Pois é. Agora, deram em roubar também o Português, um patrimônio de mais de um milênio, do qual somos felizes herdeiros. A língua portuguesa já está entre as cinco hegemônicas no mundo e é a terceira mais usada na internet, mas no Brasil vem sendo roubada por quem deveria defendê-la e ensiná-la.
A coisa chegou a tal descalabro que até membros da Academia Brasileira de Letras, geralmente comedidos, estão desconcertados. Em recente palestra na Universidade Estácio de Sá, em evento realizado para reorganizar a frente de defesa e de ensino da norma culta do Português, ninguém menos do que Evanildo Bechara, referência indispensável no ensino e na autoria de gramáticas, autoridade necessária ao Acordo Ortográfico, antecipou dias sombrios no ensino se algumas providências não forem tomadas rapidamente.
Na semana passada, a ABL voltou a manifestar-se, desta vez pelo colegiado de seus membros, ao emitir nota oficial em que manifesta “preocupação com a constante e gradual redução do ensino de literatura na educação brasileira, particularmente no ensino médio”.
Um dos imortais diagnosticou com precisão a desgraça que vitima escolas e universidades. Uma corrente de sociolinguistas acha que a literatura é uma coisa de elite: “para o sistema educacional, ‘nóis pega o peixe’ tem de ser mais aceita do que construções literárias, pois são a lingua do povo”.
Quer dizer, eles se dizem modernos, mas fazem o contrário do que a Revolução Francesa fez: democratizou os bens culturais da aristocracia, tornando-os, pelo menos, bens da burguesia e, quando possível, bens do povo, criando, mantendo e atualizando bibliotecas, museus etc.

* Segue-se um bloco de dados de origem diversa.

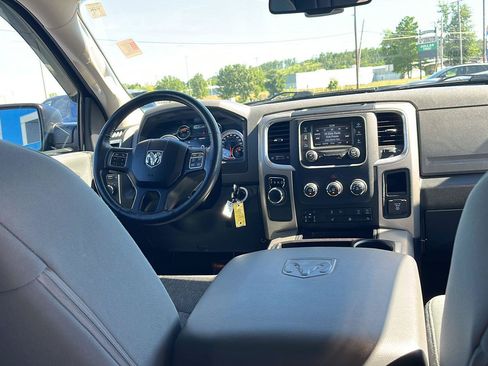 Used 2014 RAM 1500 Big Horn RWD image 28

Em suma, o atraso retomado é considerável. A Revolução Francesa é de 1789! Querem abolir até a vergonha que se tinha de ser ignorante! A ignorância vinha sendo não apenas temida, mas combatida. Entre estes combates, uma estratégia ganhava dimensão preferencial: a da alfabetização para todos. E uma vez alfabetizado, mesmo que em poucas doses, o aluno ia ler antologias que traziam Camões, Vieira, Machado, Cruz e Sousa, Drummond, isto é, traziam referências literárias da língua na qual o brasileiro escreve e fala há tantos séculos.
Não são somente os ladrões que devem ser vigiados. Os néscios também! Afinal, nestes tempos só é bobo quem quer. Está ficando cada vez mais claro para todos onde está a raiz de nossos problemas e por que eles crescem sem parar em todos os campos.